DailyGlimpse

Guide to Fine-Tuning Wav2Vec2 for English Speech Recognition

AI
April 26, 2026 · 5:51 PM
Guide to Fine-Tuning Wav2Vec2 for English Speech Recognition

Wav2Vec2, a pretrained model for Automatic Speech Recognition (ASR) released in September 2020 by Alexei Baevski, Michael Auli, and Alex Conneau, learns powerful speech representations from over 50,000 hours of unlabeled speech using a contrastive pretraining objective. Similar to BERT's masked language modeling, it creates contextualized speech representations by randomly masking feature vectors before passing them to a transformer network.

For the first time, pretraining followed by fine-tuning on very little labeled speech data yields competitive results to state-of-the-art ASR systems.
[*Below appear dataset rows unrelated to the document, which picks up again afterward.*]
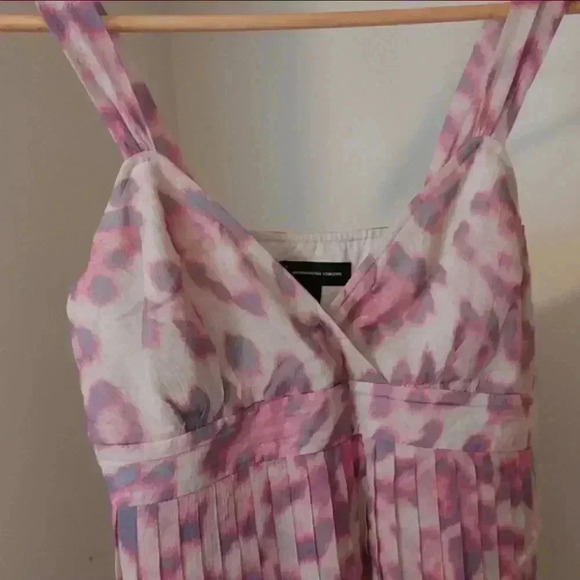 Silk Pink leopard dress - Picture 2 of 4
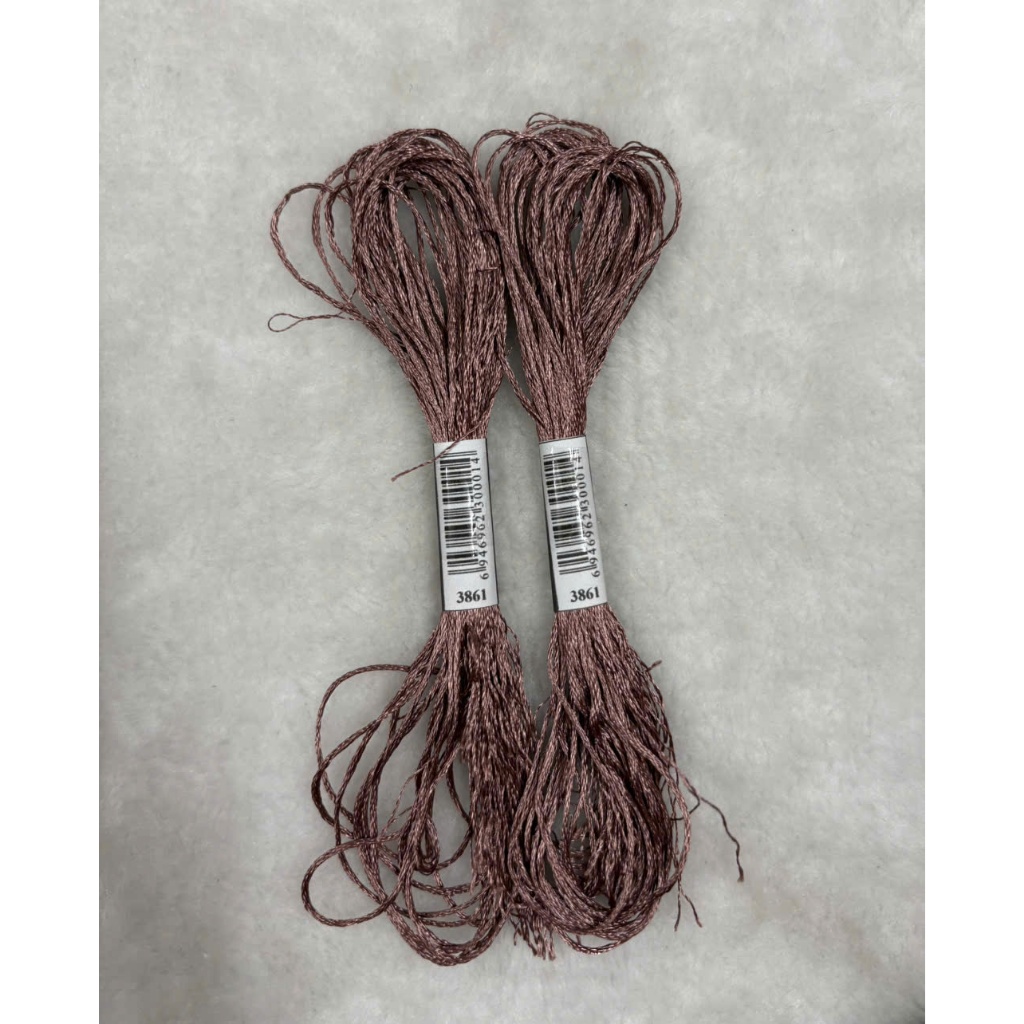 Chỉ lụa thêu tranh chữ thập, chỉ lẻ theo tép chọn màu theo hệ màu DMC (giá 1 tép)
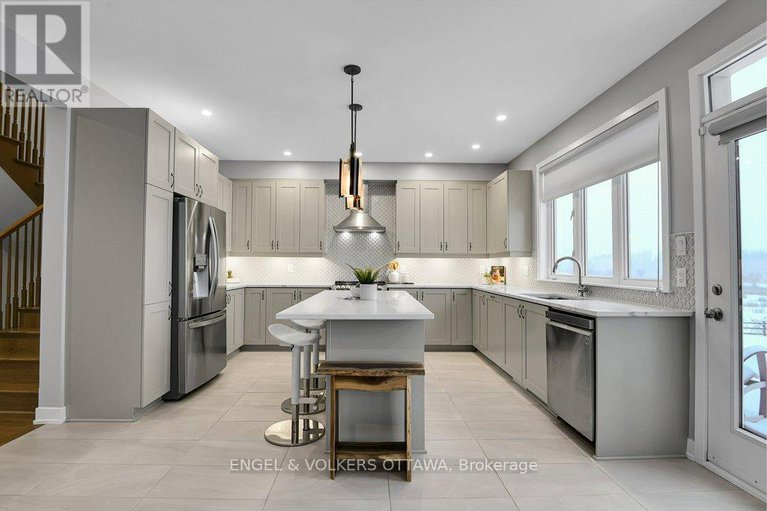 29357052/134-winterhaven-drive/mer-bleuebradley-estatesanderson-park/ottawa/ontario/K1W0H4_15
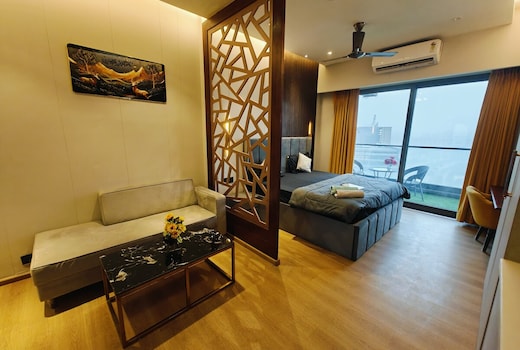 Lavish suite with balcony and city view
With just 10 minutes of labeled data, Wav2Vec2 achieves a word error rate (WER) of less than 5% on the clean LibriSpeech test set.

This guide explains how to fine-tune Wav2Vec2 pretrained checkpoints on any English ASR dataset, using Connectionist Temporal Classification (CTC) without a language model. For demonstration, we fine-tune the "base" checkpoint on the small Timit dataset (5 hours of training data).

CTC is an algorithm for training neural networks in sequence-to-sequence problems, especially ASR and handwriting recognition. I recommend reading the blog post "Sequence Modeling with CTC (2017)" by Awni Hannun.

First, install the required packages:

!pip install datasets>=1.18.3
!pip install transformers==4.11.3
!pip install librosa
!pip install jiwer

To avoid losing checkpoints, upload them directly to the Hugging Face Hub by logging in:

from huggingface_hub import notebook_login
notebook_login()

Also install Git-LFS:

!apt install git-lfs

Prepare Data, Tokenizer, and Feature Extractor

ASR models need a feature extractor for speech signal processing and a tokenizer for output decoding. In Hugging Face Transformers, Wav2Vec2 uses Wav2Vec2CTCTokenizer and Wav2Vec2FeatureExtractor.

Create Wav2Vec2CTCTokenizer

The pretrained checkpoint maps speech to context representations. A fine-tuned model adds a linear layer on top for classification. The output size corresponds to the vocabulary of the labeled dataset. Let's examine the Timit dataset:

from datasets import load_dataset, load_metric
timit = load_dataset("timit_asr")
print(timit)

Output:

DatasetDict({
    train: Dataset({ features: ['file', 'audio', 'text', 'phonetic_detail', 'word_detail', 'dialect_region', 'sentence_type', 'speaker_id', 'id'], num_rows: 4620 })
    test: Dataset({ features: ['file', 'audio', 'text', 'phonetic_detail', 'word_detail', 'dialect_region', 'sentence_type', 'speaker_id', 'id'], num_rows: 1680 })
})

We only need the text transcriptions, so remove unneeded columns:

timit = timit.remove_columns(["phonetic_detail", "word_detail", "dialect_region", "id", "sentence_type", "speaker_id"])

Display random samples to understand the transcriptions:

def show_random_elements(dataset, num_examples=10):
    picks = []
    for _ in range(num_examples):
        pick = random.randint(0, len(dataset)-1)
        while pick in picks:
            pick = random.randint(0, len(dataset)-1)
        picks.append(pick)
    df = pd.DataFrame(dataset[picks])
    display(HTML(df.to_html()))

show_random_elements(timit["train"].remove_columns(["file", "audio"]))

(Note: Timit is typically evaluated using phoneme error rate, but WER is more common in ASR. We use WER for generality.)